SF protesters use projectors in creative way to convey message

A San Francisco filmmaker is using the Super Bowl as a back drop, along with projectors, to send a message that puts the spotlight on the Bay Area’s housing crisis.

Eric Paul Fournier, an Emmy Award winning documentary film maker, says Super Bowl week provides the perfect stage for this ‘guerilla’ style tactic. 
 
It brings attention to what he describes as a crisis confronting many people— evictions of long-time tenants in the city.

"It doesn't hurt anything. They're very big. They're very visual.  They're very eye catching," he says.

It's a silent protest.

"These are moving billboards that you don't have to worry about. It's not graffiti," Fournier says.

He says he seeks to disrupt not people's lives, but their thoughts.
  
Fournier and a small crew, with the help of a vehicle and his projector, put their message about what they call immoral Ellis Act evictions on the sides of buildings.

"We leave them on for 10 to 15 minutes and then we move on," says Fournier.

He started projecting his messages Wednesday with the play on words, "This is not a game."

He says evictions are playing with people's lives.

"We're hoping people will ask questions," said Fournier. 
  
He says he's seen friend after friend get evicted perhaps legally under the state law, but he says it’s often immoral.

"It got to be alarming in the last year or two," says Fournier. 

He tells KTVU he heard about a 60-year-old Robert Dodd, who's suffering from HIV-AIDS and facing eviction through word of mouth.
  
Dodd says he's fighting eviction from his flat on Larkin Street near the Broadway tunnel after living there for 20 years.

"I don't know what's going to happen to me," says Dodd.

He adds the projector protest gives him a voice.

"Yes, I'm very grateful because other people have decided to help to see that I don't lose my home," says Dodd.  

Thursday night, Fournier and his crew displayed the images on half a dozen sites including Ghirardelli Square and the side of buildings where tenants are being evicted.

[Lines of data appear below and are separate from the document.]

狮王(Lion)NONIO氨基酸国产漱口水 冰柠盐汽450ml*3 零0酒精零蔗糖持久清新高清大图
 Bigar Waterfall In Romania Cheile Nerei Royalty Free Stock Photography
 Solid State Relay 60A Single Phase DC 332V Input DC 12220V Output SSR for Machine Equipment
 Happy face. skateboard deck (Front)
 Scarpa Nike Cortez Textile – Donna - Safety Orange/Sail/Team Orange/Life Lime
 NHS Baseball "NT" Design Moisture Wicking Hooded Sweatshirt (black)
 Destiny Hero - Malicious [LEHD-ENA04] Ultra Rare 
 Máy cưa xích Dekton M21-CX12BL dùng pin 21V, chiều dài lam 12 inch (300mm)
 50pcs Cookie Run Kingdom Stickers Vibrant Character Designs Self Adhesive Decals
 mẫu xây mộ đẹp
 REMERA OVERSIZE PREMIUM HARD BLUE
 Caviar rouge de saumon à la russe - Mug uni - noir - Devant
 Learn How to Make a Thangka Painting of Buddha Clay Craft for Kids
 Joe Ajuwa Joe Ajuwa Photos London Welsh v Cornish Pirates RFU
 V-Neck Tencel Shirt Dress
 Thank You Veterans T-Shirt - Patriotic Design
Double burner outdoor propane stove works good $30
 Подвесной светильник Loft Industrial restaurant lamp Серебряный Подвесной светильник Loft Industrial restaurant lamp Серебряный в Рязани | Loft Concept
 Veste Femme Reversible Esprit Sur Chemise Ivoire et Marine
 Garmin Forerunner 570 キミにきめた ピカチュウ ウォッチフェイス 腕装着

"We were trying to capitalize on the heat of the Super Bowl being in town and try to raise awareness for people who don't know what's going on," Fournier says.
  
This projector protest is part of the documentary Fournier is making about the plight of tenants facing eviction.
   
On Saturday night, he hopes to project images onto high-rises hopefully near Super Bowl City where it can get maximum exposure.